I like everything about this idea, except the grid system.

It would work really well for a supers/kung-fu/RWBY-style anime fight, where you have several people with distinctive powers working around the battlefield. They use their debuffs/buffs and describe how it goes off narratively, with everyone getting a chance to shine and match off with whatever opponent suits that specific move, switching out for a very dynamic combat.

The problem with a grid in this situation is that it would always end up looking strange; characters won't have freedom of movement because AoO will always be a thing, and you will never be able to clear a path because nobody dies until the end of combat. It would end up being very static, with the PCs deciding to flank a certain enemy (the one who seems easiest to hit) and wailing on them, with the striker/controller-equivalent running diversions on most of the other enemies. There's lots of effects (like slowed, entangled, prone, etc.) that the PCs will spam on the majority of enemies, with things that directly reduce AC layered onto the guy they choose to focus damage on.

>The problem with a grid in this situation is that it would always end up looking strange; characters won't have freedom of movement because AoO will always be a thing, and you will never be able to clear a path because nobody dies until the end of combat. It would end up being very static, with the PCs deciding to flank a certain enemy (the one who seems easiest to hit) and wailing on them
Uh huh, I see you haven't played 4e with mobile characters.

I have, quite a bit. Those mobile characters are almost always strikers, because they can use their mobility to take out monster artillery, lurkers, and skirmishers, changing up the battle by removing the enemy's support structure (and some leaders/controllers have mobility powers to help keep them safe/within range for their buffs/debuffs). That cannot happen with the grid system, greatly reducing the value of mobility, because it will not grant anything of value. The brutes and soldiers will smash into the defenders and punch each other in the middle of the field, and at best you'll end up with a static chain of 'mobile' characters that each gain flanking on the other spreading out from the central combat.

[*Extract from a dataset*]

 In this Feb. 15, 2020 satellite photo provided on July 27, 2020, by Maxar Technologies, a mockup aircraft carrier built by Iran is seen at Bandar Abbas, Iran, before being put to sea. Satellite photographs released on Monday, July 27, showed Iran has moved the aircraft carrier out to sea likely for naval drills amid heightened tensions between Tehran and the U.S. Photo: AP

Sounds like everything is working as intended to me. You shouldn't be able to yell "Nuh uh, I want to target THAT guy" all the time.

Except that people will be able to choose whoever they want to target all the time with this stupid system, because they can't get away. The low-AC target doesn't die, they stick around to be the gaping ulcer in the enemy's team. You want to smash the lurker? Go right ahead, he's going to hang out there. Knocking bitches prone or otherwise hampering their movement to the point that your strikers can just keep up with them is child's play.

The best you can hope for is two pile-ups - one of your defender facing their slow-moving brutes and soldiers in a convenient spot on the battlefield, forcing each other to try and bash through the brick wall of AC, the other as every monster lurker and striker surrounds your wizard and beats the shit out of him as your rogue and other allied strikers beat the shit out of those low-AC targets. The cleric can stand in the middle and keep tossing buffs at the wizard - because there's no point in targeting the cleric, because there's no way to remove him from play, the enemy will keep focusing on the easiest target to hit.

>The low-AC target

You seem to be missing the part in the opening post that states:

>4. Just like in Strike!, there are very few differences in PC/monster defenses, defender-types (with marks) aside.

very few =/= none.

In Strike!, the vast majority of PCs and monsters operate purely on baseline defenses, and it is only really dedicated defender-types who will have defensive capacities above the norm.